今回見ていくのは、こうした要素を多分に含んだ『一つの村が消えた話をする』という怪談です。あらすじと共に重要なキーワードを解説していきますので、本編と合わせて読んでみてください。

目次

『一つの村が消えた話をする』の概要

『一つの村が消えた話をする』は、2014年にインターネット掲示板である2chに投稿された怪談です。

物語の語り手は、タイトルになった村を故郷とする「俺」。彼とその友人たちが巻き起こし、体験した怪異と、村が崩壊していく様がセリフを交えて描かれています。セリフが恐ろしさをかなり薄めてはいるものの、物語が持つ雰囲気は日本的に不気味であり、昔ながらの伝承的要素と共にリアリティを持ち合わせています。

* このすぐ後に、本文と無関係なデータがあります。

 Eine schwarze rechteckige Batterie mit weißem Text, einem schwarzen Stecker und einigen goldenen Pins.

この物語が本物か、創作か。それは最後までわかりません。以下で簡単なあらすじをご紹介しますので、興味が湧いたら実際に読んで、あなたの目で判断してみてください。

あらすじ

語り手である「俺」は、幼馴染で友人のA・Bと共に、他の土地とは交流がしにくいような山奥にある村で育ちました。Aは頭の良い女の子で美人、Bは体格の良い頼りがいのある男の子です。

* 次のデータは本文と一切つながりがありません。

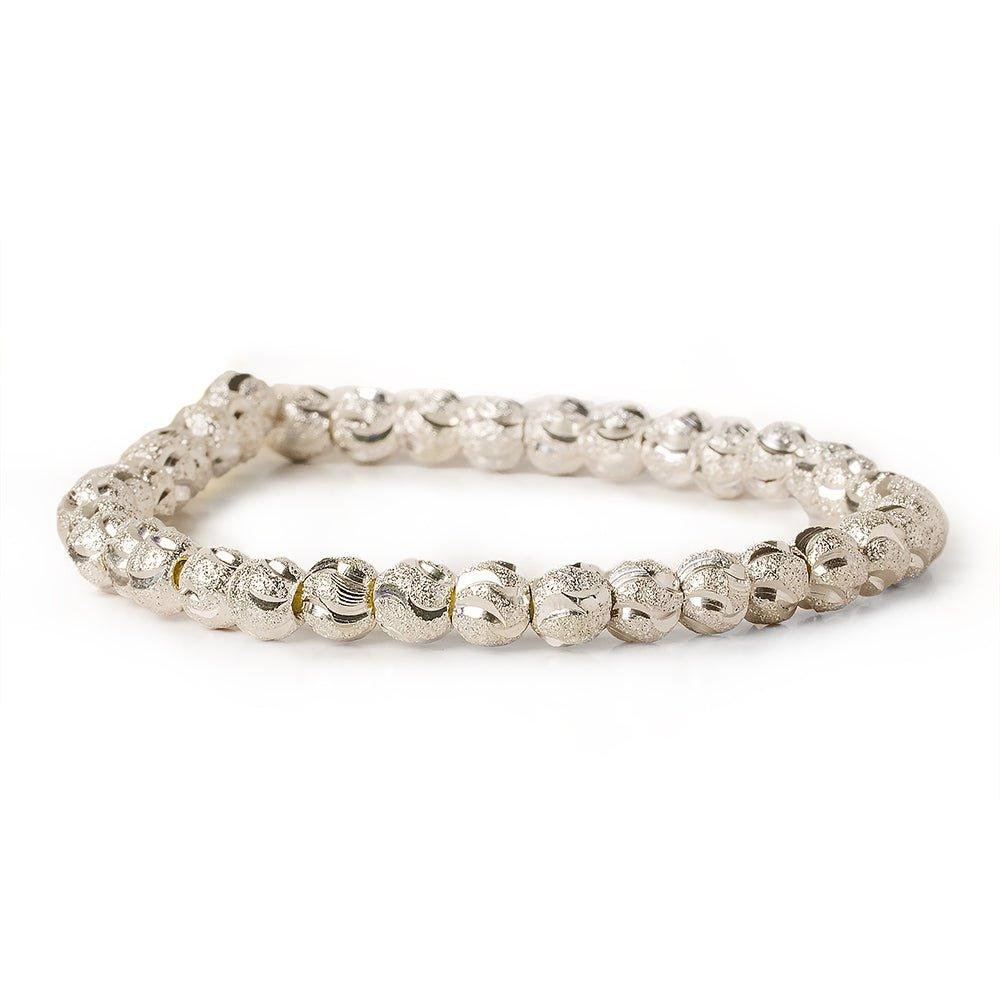 6mm Sterling Silver Plated Brass Half Moon Stardust Rounds 8 inch 37 beads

3人が暮らす村には、歴史ある神社と池がありました。その神社では、毎年お盆の時期に「辿静祭」という祭りが行われ、「鬼無踊り(盆踊り)」と「浄縁神楽(巫女神楽)」を舞うという風習がありました。そして、今年の神楽を舞う巫女、「俺」の幼馴染であるAと決められていました。

辿静祭には、3つの禁忌があります。

  1. 祭りの前日には、神主の一族以外「池(障芽池)」に近付いてはいけない
  2. 祭り当日、村人は村の外に出てはならず、村外の人を入れてもいけない
  3. 祭りが終わるまでの間に、村で自身や親兄弟、知人などに何が起ったとしても、生涯村の外で口外してはいけない

祭りが始まる数日前のこと、「俺」とA・Bがいつものように遊んでいると、Bが一つの提案をしました。その提案とは、祭りの前日の夜、神主一族によって封鎖されている池に遊びに行こうというものです。Bは両親から、池のある森の奥にある祠について聞いていました。その祠に収められた石に触れると「見える」ようになるということも。

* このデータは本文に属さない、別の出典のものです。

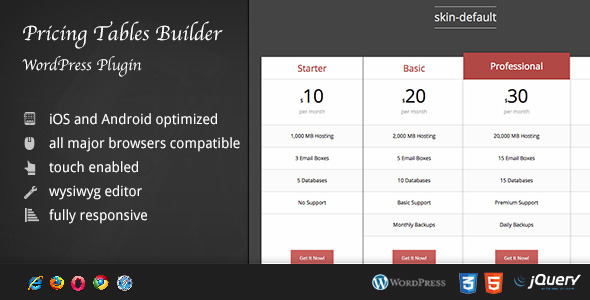Pricing Tables Builder WordPress Plugin DZS Preview - Rating, Reviews, Demo & Download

一瞬、「俺」とAは躊躇します。しかし、好奇心には勝てませんでした。

当日Bの案内で森の中を進む3人。方位磁石を使い方角を確認するものの、池にはなかなか辿り着かず、Aは体調不良を訴えます。3人は、見つけた小屋で休憩することにしました。

小屋の中でAは椅子に座り、2人は周囲を物色します。その内、「俺」は扉を見つけ、その中から不気味な音が聞こえることに気が付きました。

「俺」が扉を開けると、そこは古い和式トイレでした。異臭の原因もここかと思いトイレから出ようとしたとき、「俺」の後ろから不気味な声が聞こえてきました。

そのときBが現れたことにより謎の声は消えました。しかし、Aの姿がありません。2人は小屋に2階があることに気が付き、Aを探しに2階へと向かいました。

2階の扉の前には、黒く変色した盛り塩と、破られたお札がありました。Bが扉を蹴破ると、Bに何等かの力が加わり階下に落ちてしまいます。そして「俺」は、両手を真横に挙げたAと、その後ろにいる影のようなものを目にしたのです。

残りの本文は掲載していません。